Scaled Score • The raw score is standardized and normalized, then rescaled to the desired scaling. • z = (Raw Score – Mean) / SD • Scaled Score ≈ 500 + (100*z)
Scaled Score • Scaled Scores have many convenient properties from a statistical standpoint. • However, for most people, percentile ranks are easier to understand.
Scaled Score • Christina scored more than one Standard Deviation above average. Her scores are in the above average range.
Percentile Rank • A percentile rank is a statement of the percentage of persons in a given group who fall at or below a given score. • The most common way of reporting test scores and the easiest to use.
Percentile Rank • Christina scored as well or better than 81% of all students in the nation who took this section of the test.

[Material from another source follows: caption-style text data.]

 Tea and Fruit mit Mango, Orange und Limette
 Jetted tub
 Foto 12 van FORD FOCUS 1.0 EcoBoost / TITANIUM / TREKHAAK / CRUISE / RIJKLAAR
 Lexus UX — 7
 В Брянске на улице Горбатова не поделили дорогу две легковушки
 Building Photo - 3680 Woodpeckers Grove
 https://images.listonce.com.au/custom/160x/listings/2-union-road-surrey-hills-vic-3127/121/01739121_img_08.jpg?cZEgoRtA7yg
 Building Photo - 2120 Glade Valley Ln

Percentile Rank • Christina scored as well or better than 57% of all students in ACSI schools who took this section of the test.
Percentile Rank • This pattern is typical for our students on average. • ≈ 80th percentile nationally • ≈ 60th percentile for ACSI students • What does this mean?

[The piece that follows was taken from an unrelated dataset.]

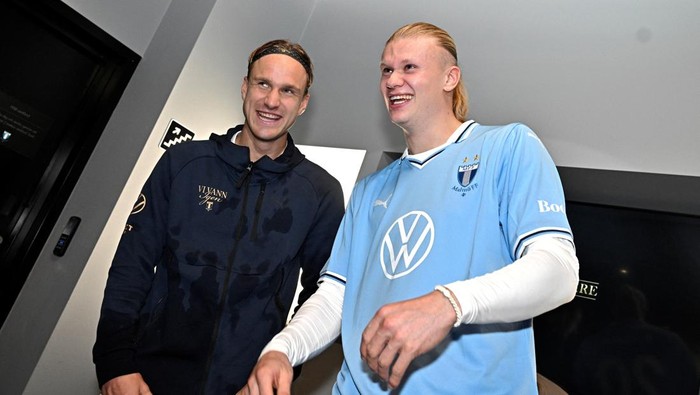 Soccer Football - Allsvenskan - Malmo FF v IFK Gothenburg - Malmo, Sweden - October 28, 2024 Malmo FFs Erik Botheim with Manchester Citys Erling Haaland after the match Andreas Hillergren/TT News Agency via REUTERS     ATTENTION EDITORS - THIS IMAGE WAS PROVIDED BY A THIRD PARTY. SWEDEN OUT. NO COMMERCIAL OR EDITORIAL SALES IN SWEDEN.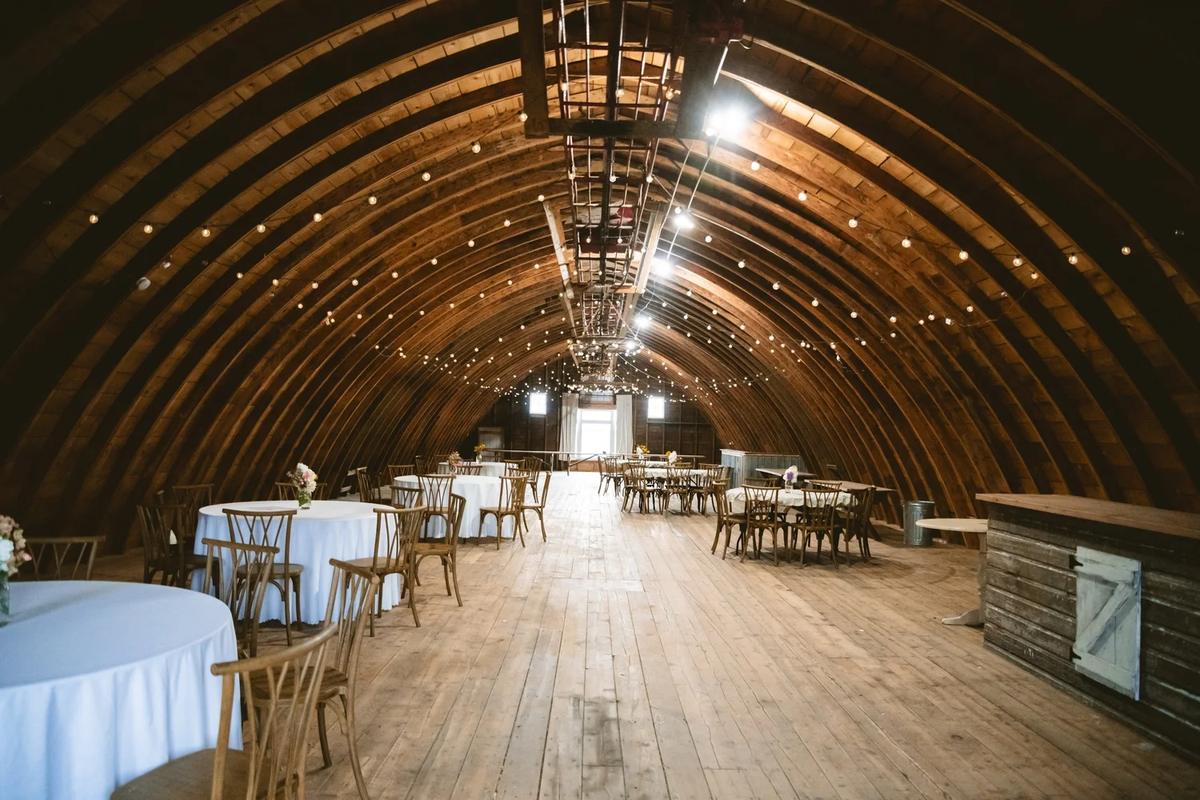 Farm Stay Event Center – Feathered Acres Farm, Belgrade MN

Stanine • Standard score of nine units • Developed by the military to contain test score information in one column on an IBM punch card • Nine groups (1-9), ½ SD, range of PRs
Stanine • Christina’s scores fall in the 7th stanine, or above average compared to all students nationally. • Christina’s scores fall in the 5th stanine, or average for ACSI students.
Grade Equivalent Scores • Attempt to translate test scores into the grade (grade and month) when the score is typical. • Have an intrinsic appeal. • Are problematic statistically. • Based on extrapolations.
Grade Equivalent Scores • Christina, a 1st grade student at our school, in the area of Word Study Skills, is performing at the level of a typical 3rd grade student in the seventh month of the school year (on the 1st grade test).
An SAT Example • Mark, a 12th grade student at our school, took the SAT test last year. Here are his scores.
An SAT Example • Section mean ≈ 500, SD ≈ 100 • Range = 200-800 (-3z to +3z) • Total mean ≈ 1000, SD ≈ 200 • Range = 400-1600
An SAT Example • Mark scored a 620 on the verbal section of the test. His score was more than one Standard Deviation above the mean and is considered above average.
An SAT Example • Mark’s score on the verbal section of the test was as good or better than 83% of the students who took the test.
An SAT Example • Mark scored a 570 on the quantitative section of the test. His score was within the normal range and is considered average.
An SAT Example • Mark’s score on the quantitative section of the test was as good or better than 66% of the students who took the test.
An SAT Example • Mark scored a 1190 total score and his score was within the normal range and is considered average.
An SAT Example • Mark’s total score was as good or better than 61% of the students who took the test.
General Principles • Tests do not measure innate ability • Test scores result from a combination of: • Innate ability • Environmental influences • Test taker motivation • Properties of the test itself
Cautions about Interpretation • A low score in one norm group may be high in another, and vice versa. • A low score on one test will not necessarily lead to a high score on another test.
Cautions about Interpretation • Interpretation is part art or clinical intuition and experience. • Become familiar with case studies in manuals.